Your copy should match the entries exactly, except that it holds no pictures.

Items from a data source:
↓
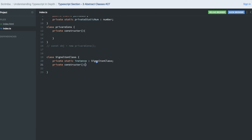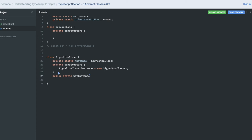Inside the private constructor, we assign SingletonClass.instance to a new object, creating the instance there. Since the constructor is private, the object cannot be created from outside. We then create a public static method called 'getInstance' to expose this instance to the outside world. That method returns the instance which was created in the constructor, of type SingletonClass. So SingletonClass.instance holds the single object.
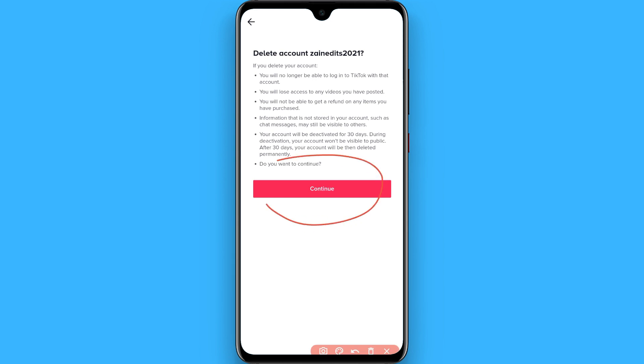Once you click on Continue, your TikTok account will be deleted. Hope this video was helpful for you. See you next time, thank you.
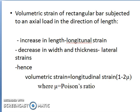Let us consider the case of volumetric strain of a rectangular bar subjected to an axial load in the direction of length. Due to the load acting, there is an increase in length in the direction of load — that strain is called longitudinal strain. Due to the increase in length, there is a simultaneous decrease in the width and thickness, which are called lateral strains. Hence, volumetric strain is equal to longitudinal strain multiplied by (1 minus 2 times mu), where mu is Poisson's ratio.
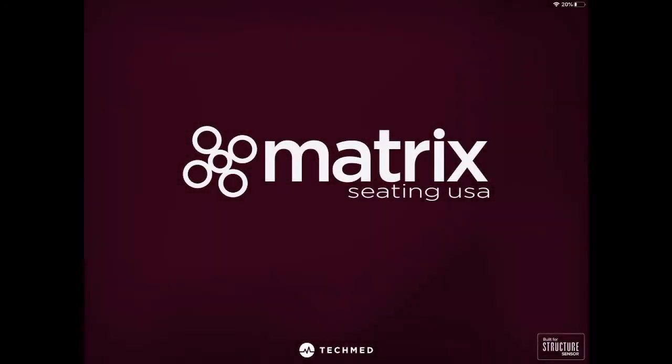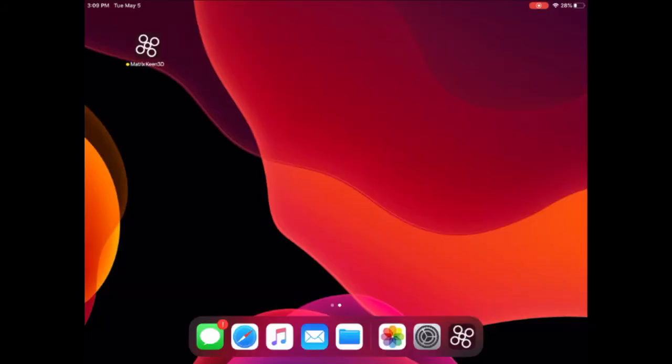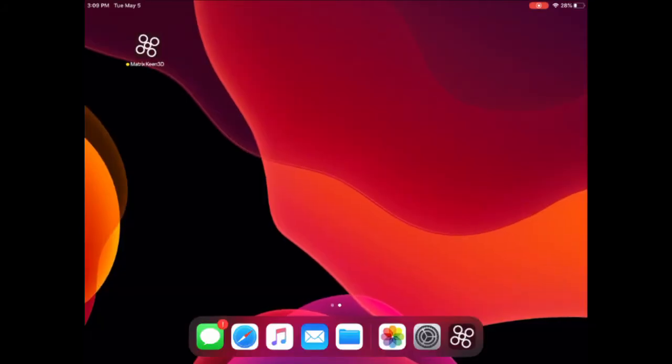Introducing Matrix Keen 3D. Paired with the new occipital Mark II sensor, Matrix Keen 3D is the most accurate and fastest wheelchair seating scanner available. When you're ready to start scanning, click the Matrix Keen 3D app on your iPad.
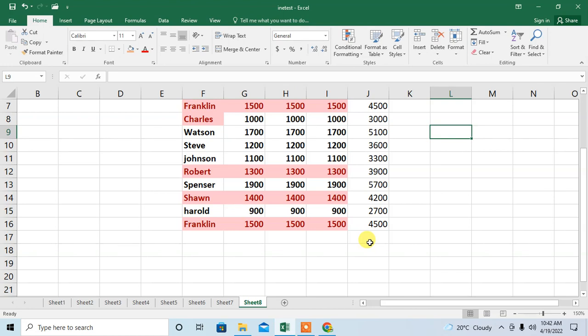So this is how you can remove zero values in Microsoft Excel. If this video helps you in any way, please subscribe to my channel and hit the like button. Thanks for watching, thanks for your time, goodbye.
↑
- _Response to the exercise_:
Inside the private constructor, we assign SingletonClass.instance to a new object, creating the instance there. Since the constructor is private, the object cannot be created from outside. We then create a public static method called 'getInstance' to expose this instance to the outside world. That method returns the instance which was created in the constructor, of type SingletonClass. So SingletonClass.instance holds the single object.
Once you click on Continue, your TikTok account will be deleted. Hope this video was helpful for you. See you next time, thank you.
Let us consider the case of volumetric strain of a rectangular bar subjected to an axial load in the direction of length. Due to the load acting, there is an increase in length in the direction of load — that strain is called longitudinal strain. Due to the increase in length, there is a simultaneous decrease in the width and thickness, which are called lateral strains. Hence, volumetric strain is equal to longitudinal strain multiplied by (1 minus 2 times mu), where mu is Poisson's ratio.
Introducing Matrix Keen 3D. Paired with the new occipital Mark II sensor, Matrix Keen 3D is the most accurate and fastest wheelchair seating scanner available. When you're ready to start scanning, click the Matrix Keen 3D app on your iPad.
So this is how you can remove zero values in Microsoft Excel. If this video helps you in any way, please subscribe to my channel and hit the like button. Thanks for watching, thanks for your time, goodbye.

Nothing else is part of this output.